You then climb up into your tree stand and sit all alone watching your bear bait for the entire evening

until, at last, legal hunting ends. Nothing has showed up; it’s fairly dark in those woods. So you do the most unnatural thing in the world. You case your bow or firearm – as the law dictates – and you begin the long walk out.

For me, yesterday, that was 100 yards to the old logging trial, and another 800 yards down a claustroph­obic dark corridor until I hit the place where I had parked my truck. My truck is a 2005 Chevy Blazer that has seen better days, but on that night I was disproport­ionately happy to see it.

You see, in daylight, it would be a pleasant walk through the woods.

In the dark, however, you keep thinking that this whole area is crawling with bears. This is in no small part due to the fact you have been attracting bears with your bait.

Then another unassailab­le bit of logic strikes you. Bears are silent. Bears are black and therefore invisible in this light. Bears can be mean when surprised. A bear, even a small one, can take you in a fair fight.

And here you are in the dark, trying to leave silently so as not to spook them for tomorrow night.

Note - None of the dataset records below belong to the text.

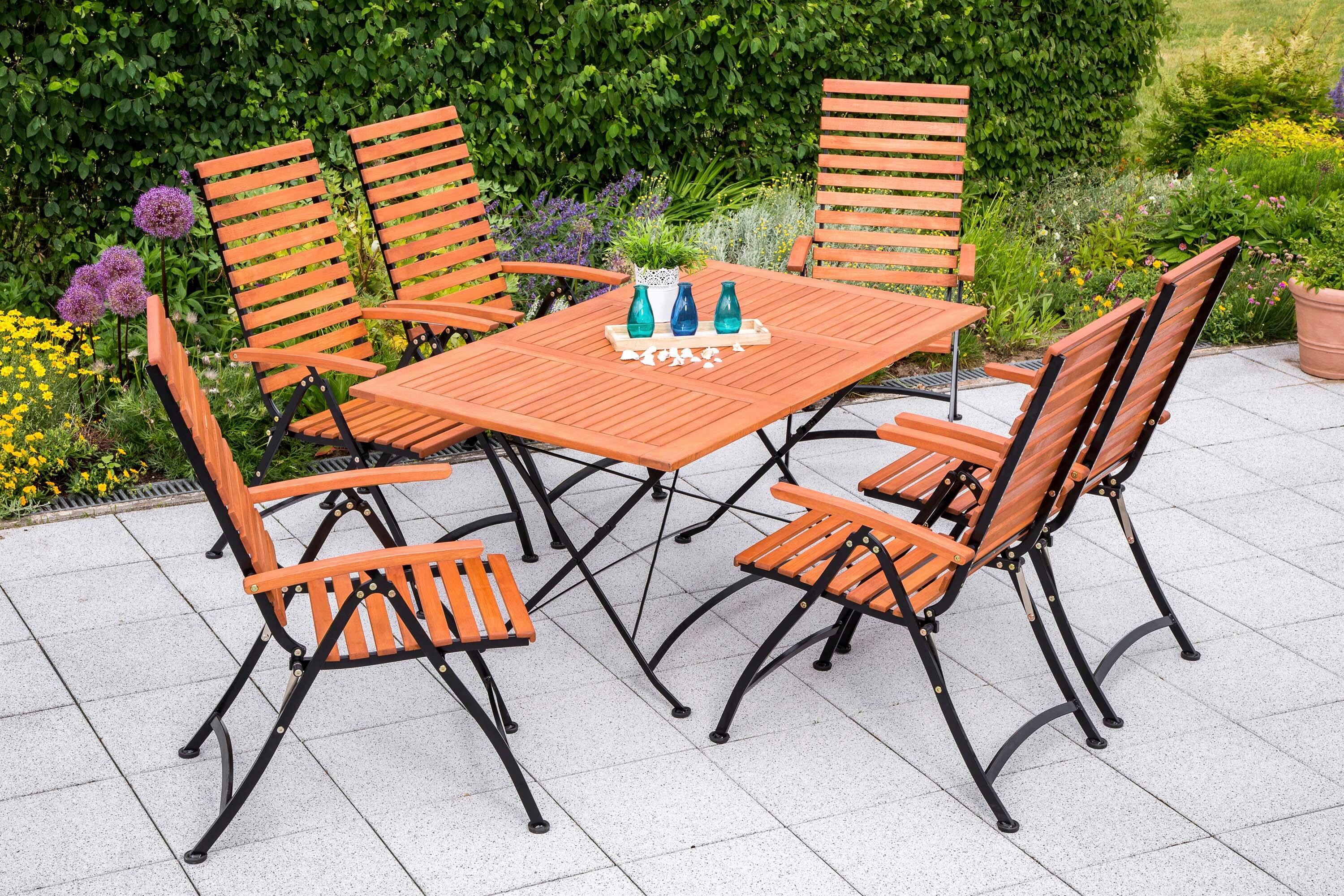 Gartentischgruppe 7tlg. Set - Schwarz/Naturfarben, KONVENTIONELL, Holz/Metall - Gardenson
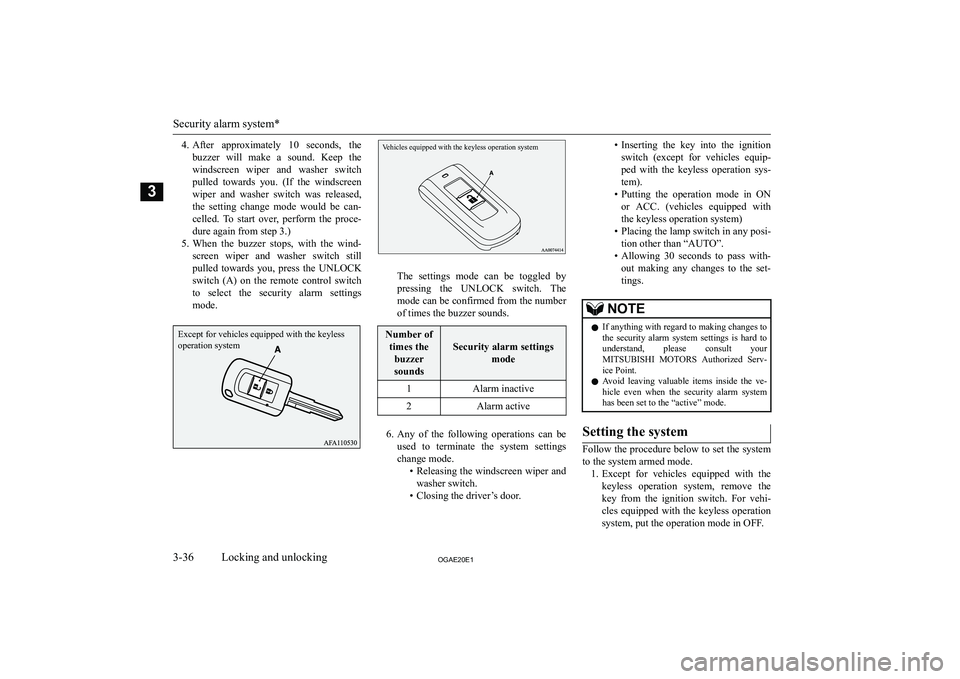 MITSUBISHI ASX 2020   (in English) Repair Manual �4�.�A�f�t�e�r�  �a�p�p�r�o�x�i�m�a�t�e�l�y�  �1�0�  �s�e�c�o�n�d�s�,�  �t�h�e
�b�u�z�z�e�r�  �w�i�l�l�  �m�a�k�e�  �a�  �s�o�u�n�d�.�  �K�e�e�p�  �t�h�e �w�i�n�d�s�c�r�e�e�n�  �w�i�p�e�r�  �a�n�d�  �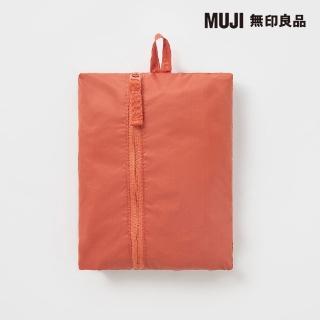 【MUJI 無印良品】中/可折再生尼龍托特包/縱型.橘 38x20x34cm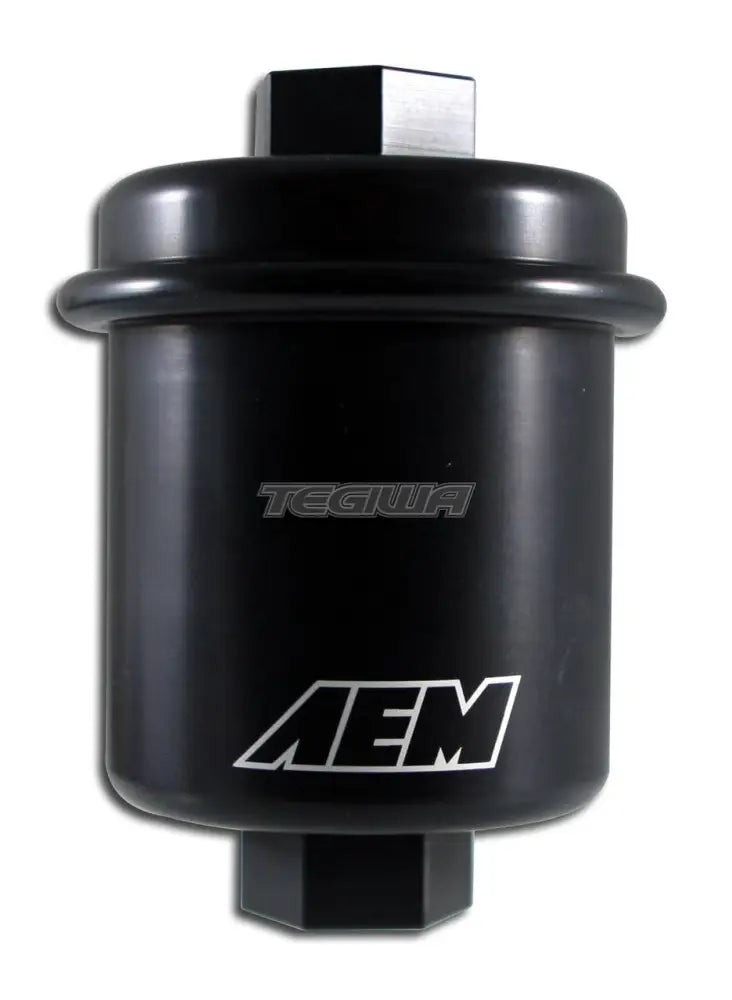 AEM High Volume Fuel Filter Black Honda Inlet 14mm x 1.5 Outlet 12mm x 1.25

In other places in the world, this might be considered a bit of an IQ test. In Ontario, it is merely a part of the bear hunting process.

If you have an overactive imaginatio­n, as I have, you think of exactly where you might bury your underwear should a large branch snap in the immediate vicinity.

I remember one fall bear hunt where I watched a huge sow and her two cubs work a bait across a marsh. I didn’t shoot, even though it was legal at the time, because that sow was with her cubs.

Then just as legal shooting light left, they crossed the swamp to my side. And arrived just as I cased my rifle and began the 150 yard walk out to my truck. For the first 50 steps, all I heard were the wonderful sounds of a mother bear and her cubs scavenging in the dark all around me.

That was the longest walk I have ever taken.

I didn’t have to do laundry when I got back; but it was a very near thing.